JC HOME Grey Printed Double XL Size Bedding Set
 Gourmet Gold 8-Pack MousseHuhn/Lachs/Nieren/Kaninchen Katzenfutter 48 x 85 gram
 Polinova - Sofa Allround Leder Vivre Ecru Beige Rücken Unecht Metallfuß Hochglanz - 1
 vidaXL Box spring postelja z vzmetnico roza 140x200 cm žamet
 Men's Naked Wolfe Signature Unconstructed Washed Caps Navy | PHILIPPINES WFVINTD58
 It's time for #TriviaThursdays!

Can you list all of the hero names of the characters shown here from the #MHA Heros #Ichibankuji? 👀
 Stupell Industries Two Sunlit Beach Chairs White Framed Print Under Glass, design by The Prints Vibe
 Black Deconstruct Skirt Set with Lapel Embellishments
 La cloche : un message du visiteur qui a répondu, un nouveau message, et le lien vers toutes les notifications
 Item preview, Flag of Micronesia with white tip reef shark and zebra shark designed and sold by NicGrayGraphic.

------

EXERCISE INSTRUCTIONS:
Restate word for word each line of the data from the one with "It's time for #TriviaThursdays!" to the last, keeping both ends.

EXERCISE ANSWER:
 It's time for #TriviaThursdays!

Can you list all of the hero names of the characters shown here from the #MHA Heros #Ichibankuji? 👀
 Stupell Industries Two Sunlit Beach Chairs White Framed Print Under Glass, design by The Prints Vibe
 Black Deconstruct Skirt Set with Lapel Embellishments
 La cloche : un message du visiteur qui a répondu, un nouveau message, et le lien vers toutes les notifications
 Item preview, Flag of Micronesia with white tip reef shark and zebra shark designed and sold by NicGrayGraphic.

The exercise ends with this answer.